### Exercise instructions
Since the pictures are not wanted, reproduce only the rest of the records, exactly as given.

### Input data
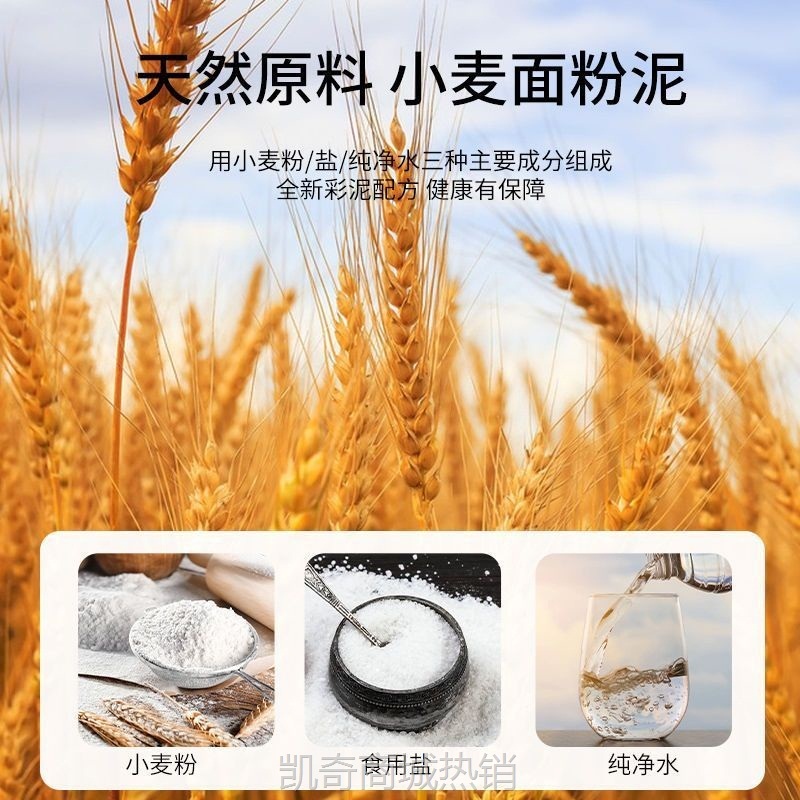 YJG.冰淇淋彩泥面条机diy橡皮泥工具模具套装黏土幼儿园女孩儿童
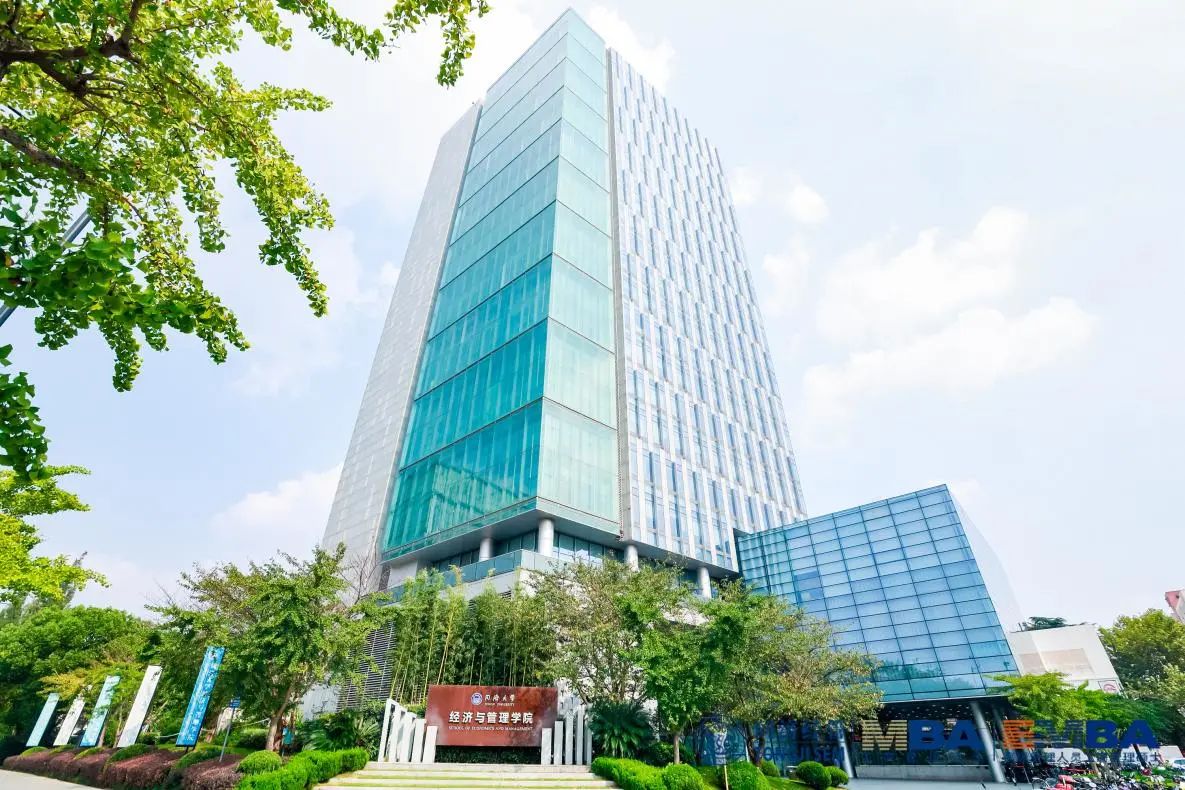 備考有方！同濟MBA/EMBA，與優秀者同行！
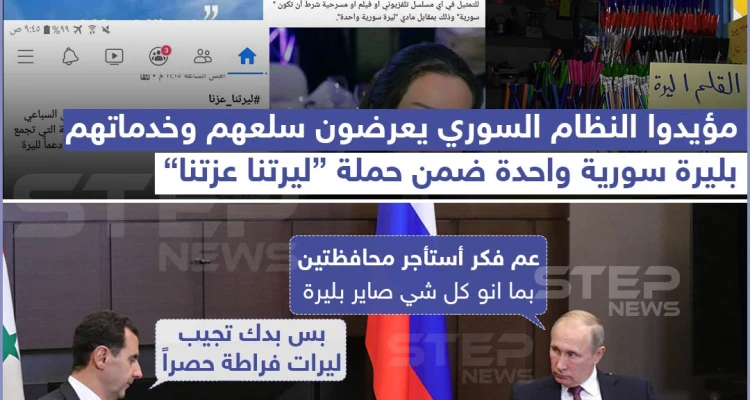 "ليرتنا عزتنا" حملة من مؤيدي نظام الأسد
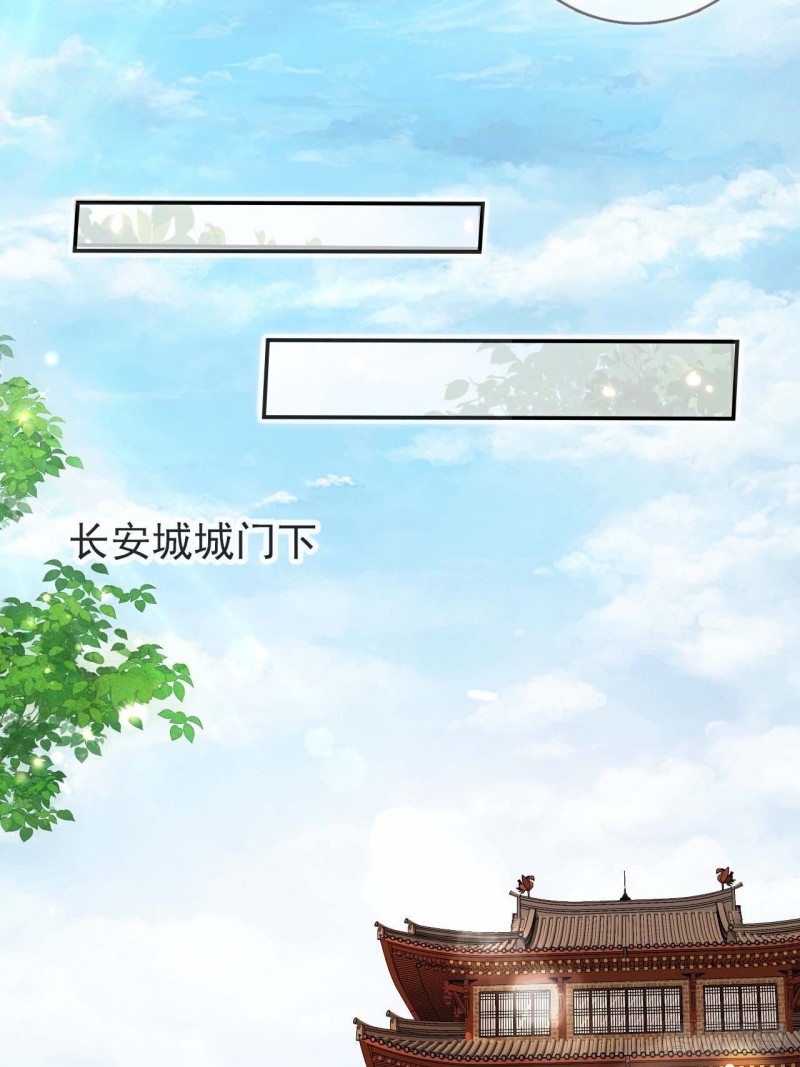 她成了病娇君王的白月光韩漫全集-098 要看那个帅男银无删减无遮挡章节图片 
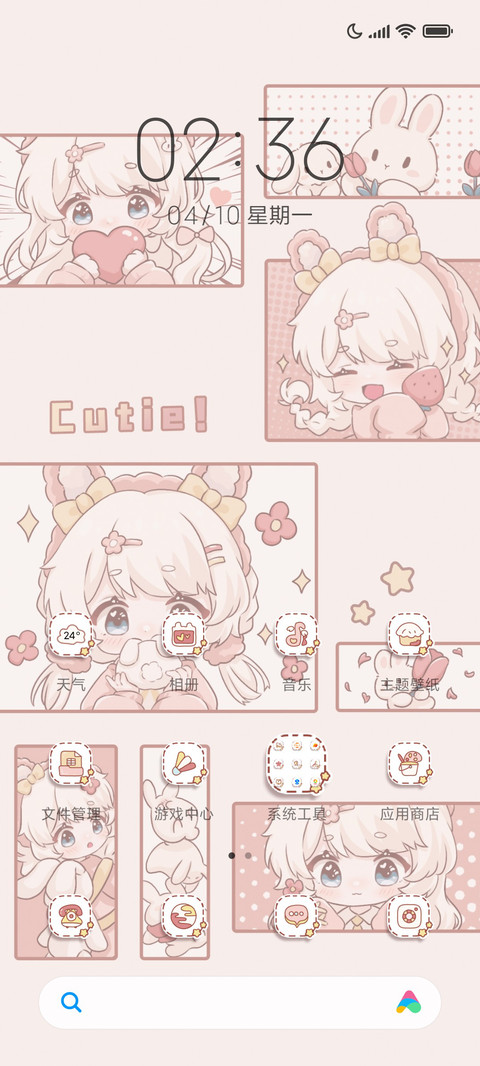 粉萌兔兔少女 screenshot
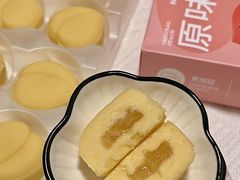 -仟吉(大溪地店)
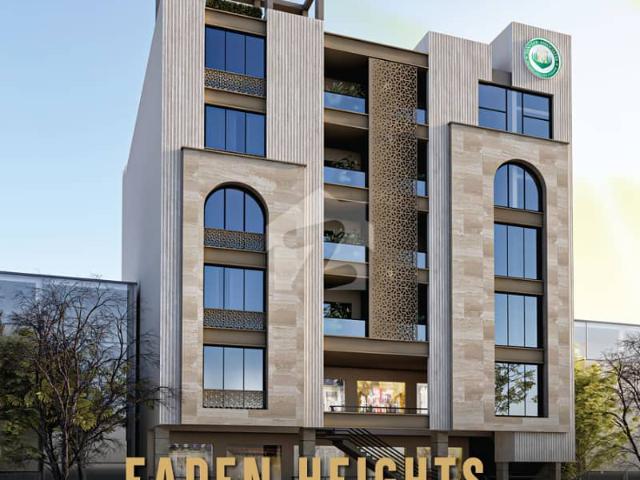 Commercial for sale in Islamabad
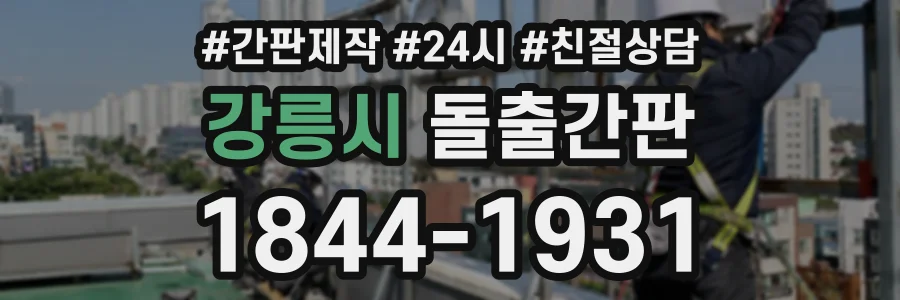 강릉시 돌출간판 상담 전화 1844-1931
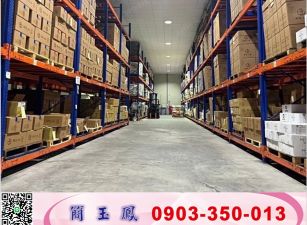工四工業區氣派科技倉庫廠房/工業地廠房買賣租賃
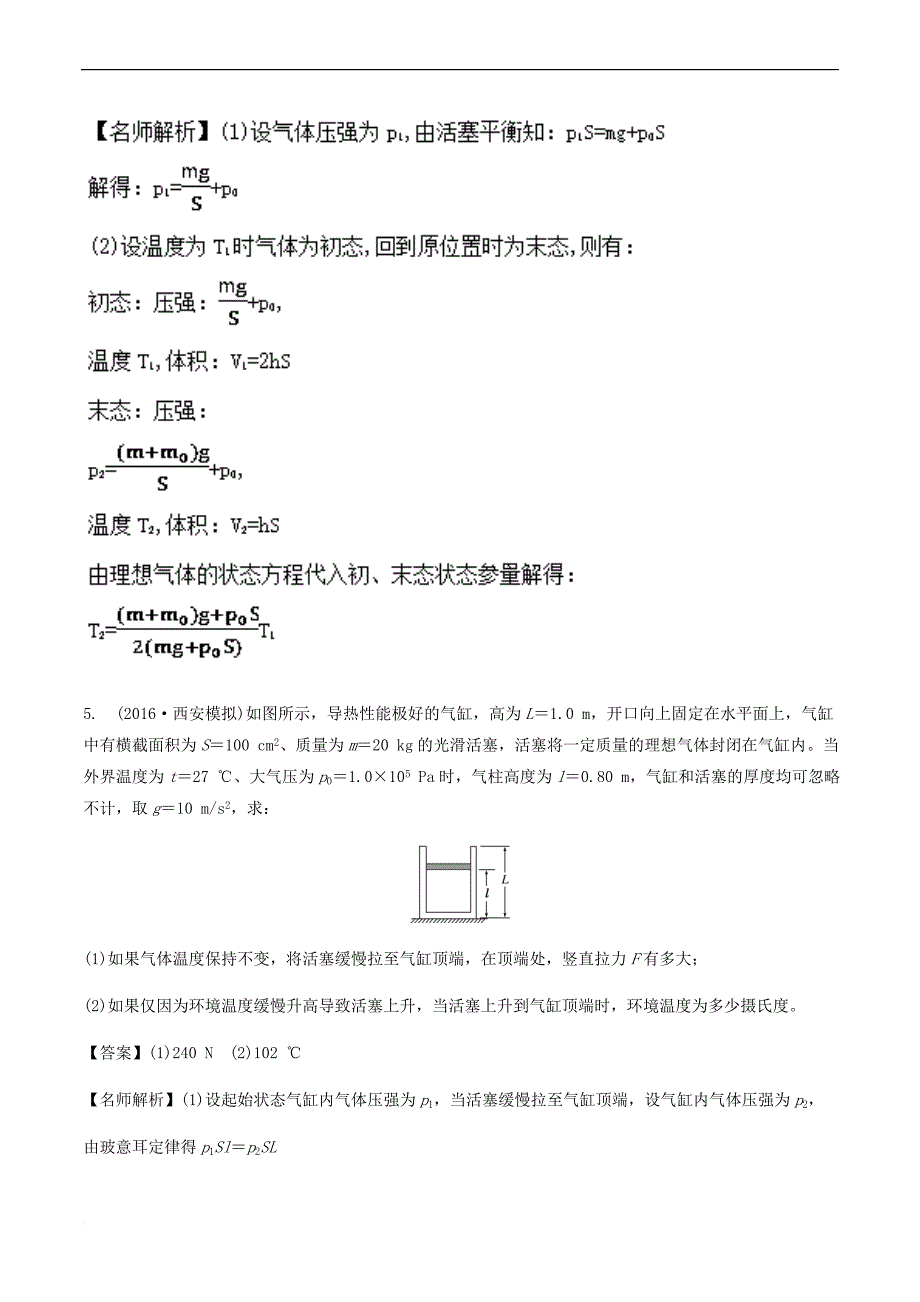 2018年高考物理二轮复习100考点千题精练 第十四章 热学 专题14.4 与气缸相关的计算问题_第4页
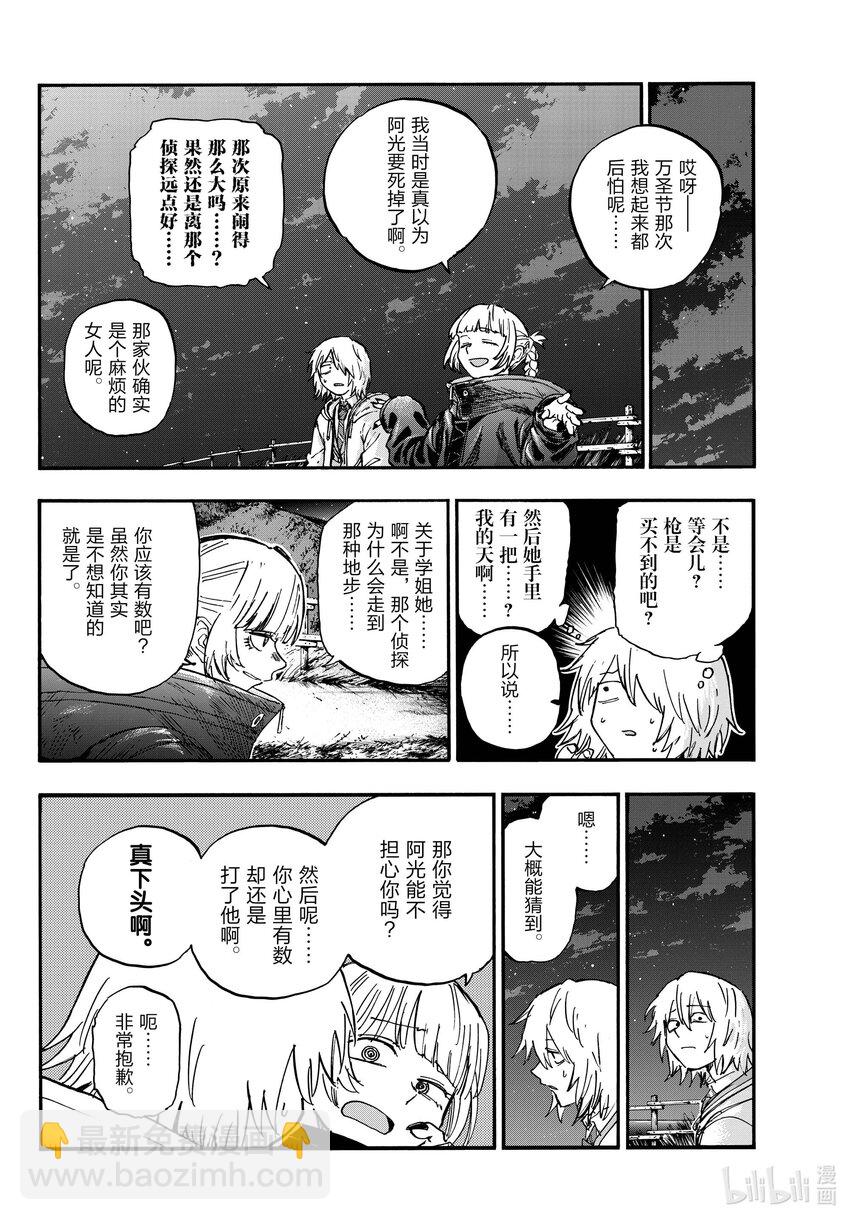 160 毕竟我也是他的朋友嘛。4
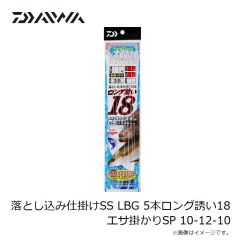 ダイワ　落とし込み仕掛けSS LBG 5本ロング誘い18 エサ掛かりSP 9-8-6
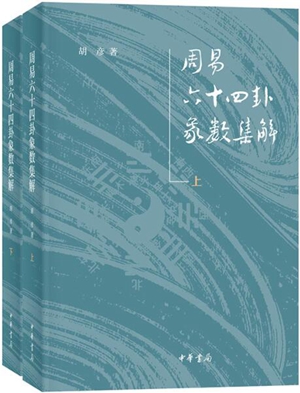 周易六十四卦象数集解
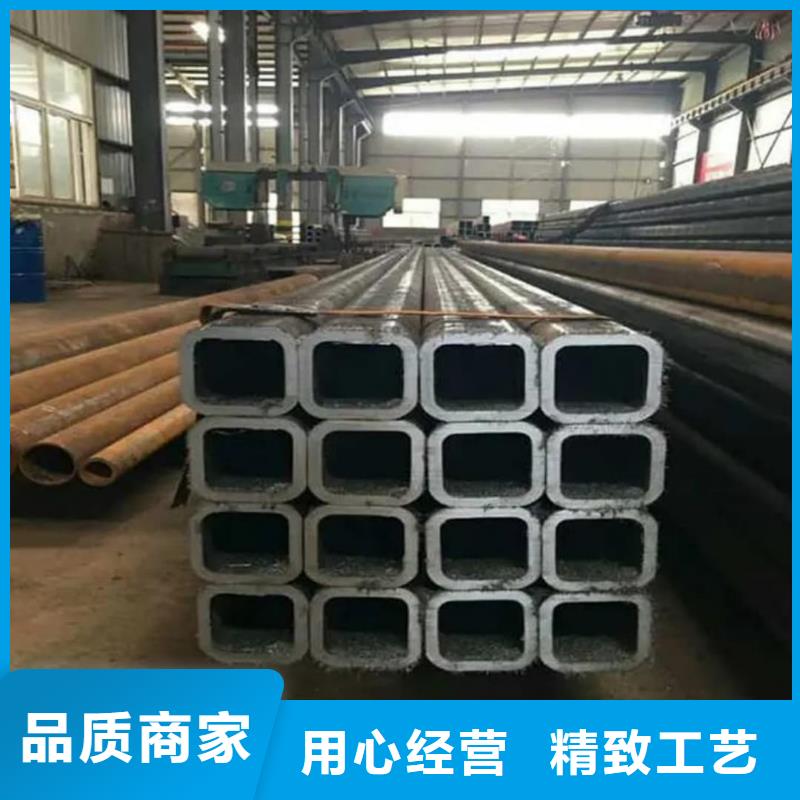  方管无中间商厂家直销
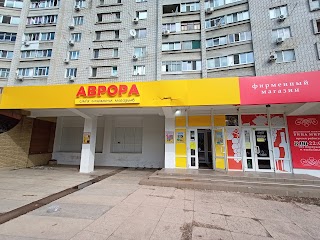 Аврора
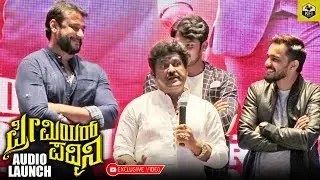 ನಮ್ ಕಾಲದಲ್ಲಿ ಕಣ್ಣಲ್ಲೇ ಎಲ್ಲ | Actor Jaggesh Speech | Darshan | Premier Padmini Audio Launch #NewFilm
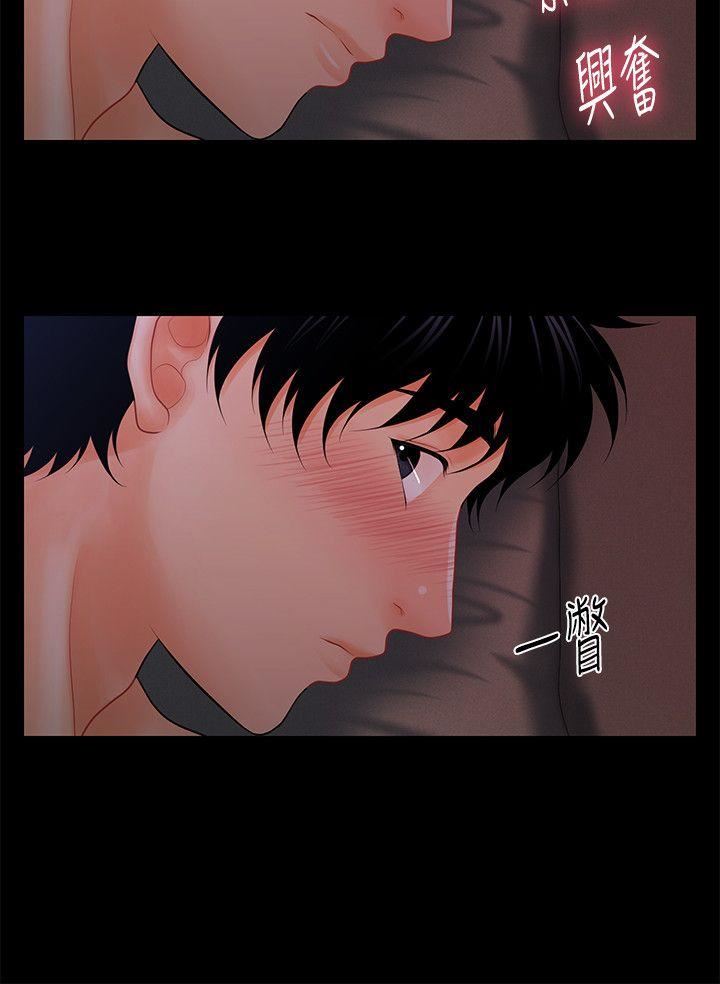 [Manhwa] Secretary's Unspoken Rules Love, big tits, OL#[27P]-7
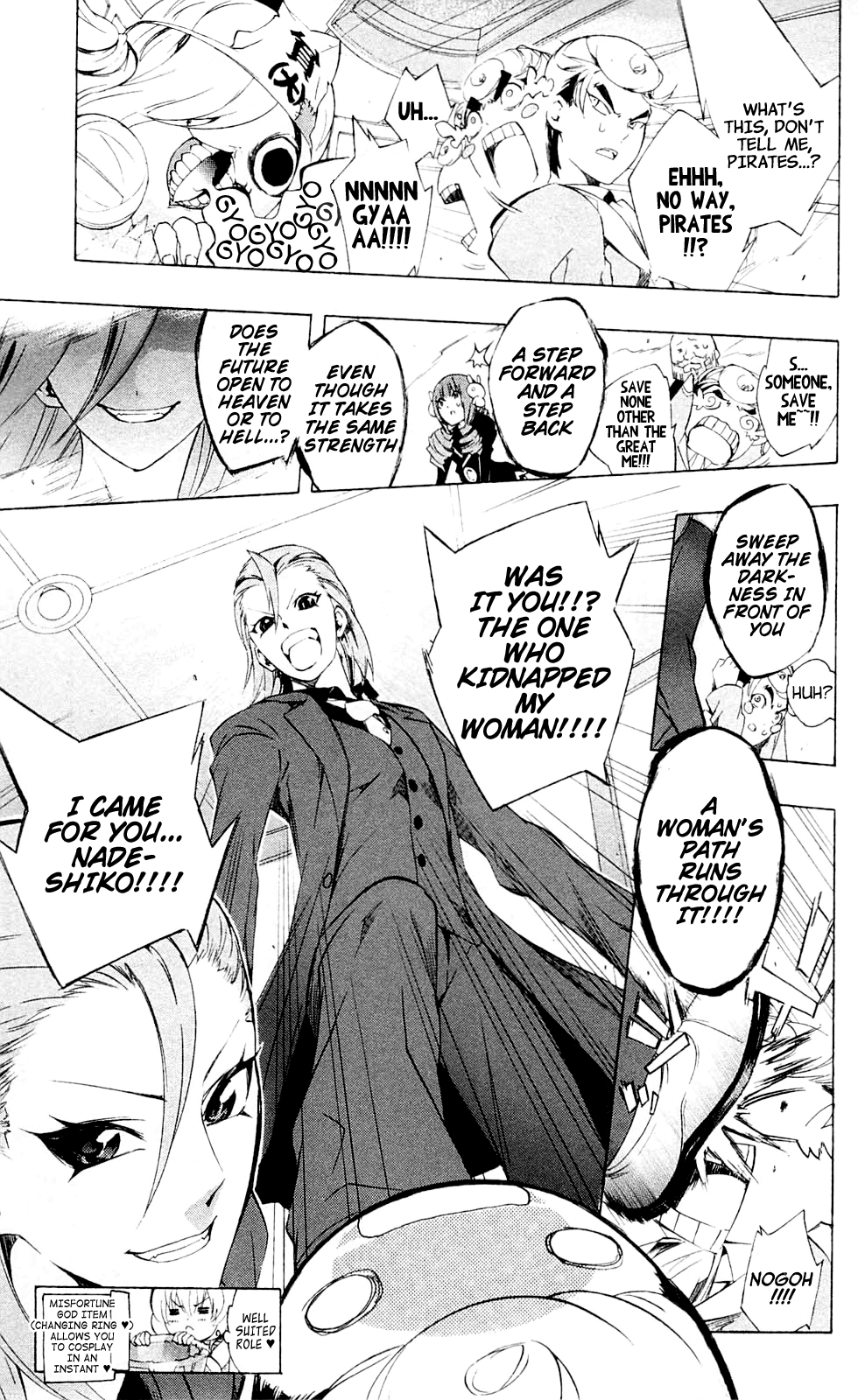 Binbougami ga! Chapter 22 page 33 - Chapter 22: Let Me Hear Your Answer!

### Written reply
 YJG.冰淇淋彩泥面条机diy橡皮泥工具模具套装黏土幼儿园女孩儿童
 備考有方！同濟MBA/EMBA，與優秀者同行！
 "ليرتنا عزتنا" حملة من مؤيدي نظام الأسد
 她成了病娇君王的白月光韩漫全集-098 要看那个帅男银无删减无遮挡章节图片 
 粉萌兔兔少女 screenshot
 -仟吉(大溪地店)
 Commercial for sale in Islamabad
 강릉시 돌출간판 상담 전화 1844-1931
工四工業區氣派科技倉庫廠房/工業地廠房買賣租賃
 2018年高考物理二轮复习100考点千题精练 第十四章 热学 专题14.4 与气缸相关的计算问题_第4页
 160 毕竟我也是他的朋友嘛。4
 ダイワ　落とし込み仕掛けSS LBG 5本ロング誘い18 エサ掛かりSP 9-8-6
 周易六十四卦象数集解
  方管无中间商厂家直销
 Аврора
 ನಮ್ ಕಾಲದಲ್ಲಿ ಕಣ್ಣಲ್ಲೇ ಎಲ್ಲ | Actor Jaggesh Speech | Darshan | Premier Padmini Audio Launch #NewFilm
 [Manhwa] Secretary's Unspoken Rules Love, big tits, OL#[27P]-7
 Binbougami ga! Chapter 22 page 33 - Chapter 22: Let Me Hear Your Answer!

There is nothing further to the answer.